Editorial: Reasons to see Winter Games

Every two years, the Olympics brings the world together to celebrate athletic prowess

repeat — America looks to retain its title as the best four-man bobsled team in the world. Google Images

Repeat — America looks to retain its title as the best four-man bobsled team in the world. Google Images

The 2014 Olympic Games will begin in Sochi, Russia, Friday, Feb. 7. The Summer Olympics always receive paramount attention, but the Winter Olympic Games never seem to match the fanfare of their counterpart. Usain Bolt and LeBron James might not be skiing down the slopes in Sochi, but the Winter Olympics are far from dull. Here are some reasons to watch:

1. Capitalism is better than Communism
The last and only time the Olympics — Winter or Summer — took place in Russia, the U.S. was part of a boycott of the games because of the Soviet Union’s invasion of Afghanistan. That was 34 years ago. Now, the Soviet Union is broken up, communism is all but dead in Europe, and Russia and the U.S. are not worried about the imminent threat of nuclear holocaust. Yay, capitalism!

2. Hockey
Basketball is to the Summer Olympics as hockey is to the Winter Games. It is the biggest true team sport on the slate, and the best hockey players in the world will be taking a break from their season in the NHL to compete in Sochi. In 2010, Sidney Crosby buried an overtime winner to lead Canada over the U.S. in the gold medal game in one of the most climatic events of the entire games. Hockey has always been one of the biggest and most exciting events (Miracle on Ice), and should not disappoint this year either.

3. Shaun White
White recently cut off his signature, flowing red locks, but he still remains one of the favorites in the men’s halfpipe snowboarding event. He has dominated the event for the past two Olympics — winning the gold medal in Torino and Vancouver — and appears to still be in top form. According to Yahoo Sports, White will also be giving the slopestyle event a go for the first time in his Olympic career. Not bad for a guy whose nickname is “The Flying Tomato.”

4. Ski Jumping
If there is a way to get an adrenaline rush by sitting on your couch, ski jumping is it. Skiers/daredevils/crazy people fly down an 80-meter or 120-meter hill, depending on the event, and fly through the air at heights well higher than human beings should be flying without a parachute. Somehow they land hundreds of feet from their launching point on two skis, evidently not defying the laws of physics.

5. Crazy uniforms
The Winter Olympics do not have sports like basketball and soccer, which have pretty standard, if not boring, uniforms. Most athletes will be wearing skin-tight snowsuits with flamboyant-to-completely outrageous designs. The outfits may not end up on the runway in Paris, but they will leave you unable to turn your head away from the screen.

6. Figure skating
For something so graceful, figure skating may be the shadiest event of the Winter Games. The Tonya Harding-Nancy Kerrigan fiasco happened on the eve of the games in 1994. There was the incident in 2002 when Canadian pair Jamie Sale and David Pelletier were apparently robbed of a gold medal by a French judge. Stay tuned for more sinister activities in 2014.

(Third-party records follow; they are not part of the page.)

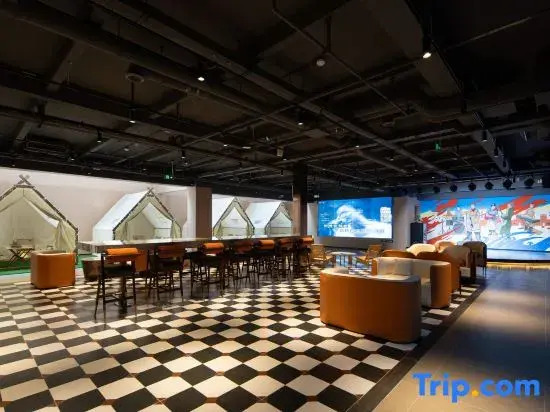 Yizhou Tour Youth Travel Hotel,Xi'an Datang Night City Branch.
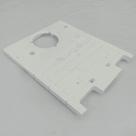 Capa Isopor Evaporador Electrolux Df42/Df42x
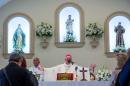Honores a San Cayetano, patrono del pan y el trabajo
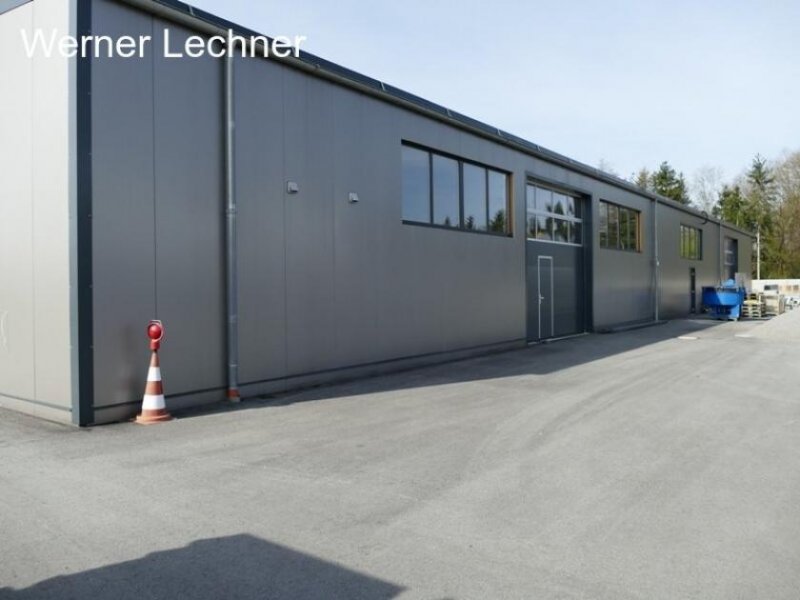 Straubing Gewerbeobjekt mit vielen Möglichkeiten, Produktion, Lager, Reparatur nahe Straubing Gewerbe kaufen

7. Lolo Jones on a different type of track
Many people know Jones as the outspoken, self-proclaimed virgin track star who was not quite good enough to medal at the 2008 or 2012 Summer Games. For the winter festivities, Jones is trying her hand at something a bit different – bobsled. She’s gained about 20 pounds, eating about 9,000 calories per day according to an interview on the Today Show, in preparation for her new gig, hoping to finally bring home an elusive Olympic medal.

8. Curling
Here is a fun game to play with friends — have them watch curling, and see how long it takes them to figure out what is happening. Winner gets to understand curling – truly a gift in itself.

9. The Jamaican bobsled team
Remember that movie “Cool Runnings?” That was actually based on the true story of four Jamaican bobsledders who competed in the Calgary Games in 1988, according to USA Today. Now, they are back for another go for the first time since 2002. The Jamaicans, who lack funding and adequate training grounds, will be severe underdogs, but remain a remarkable story.

10. U-S-A! U-S-A! U-S-A!
Even if you do not like sports, the Olympics present the rare opportunity to root for your countrymen above everything else. Be a patriot. Watch the Olympics.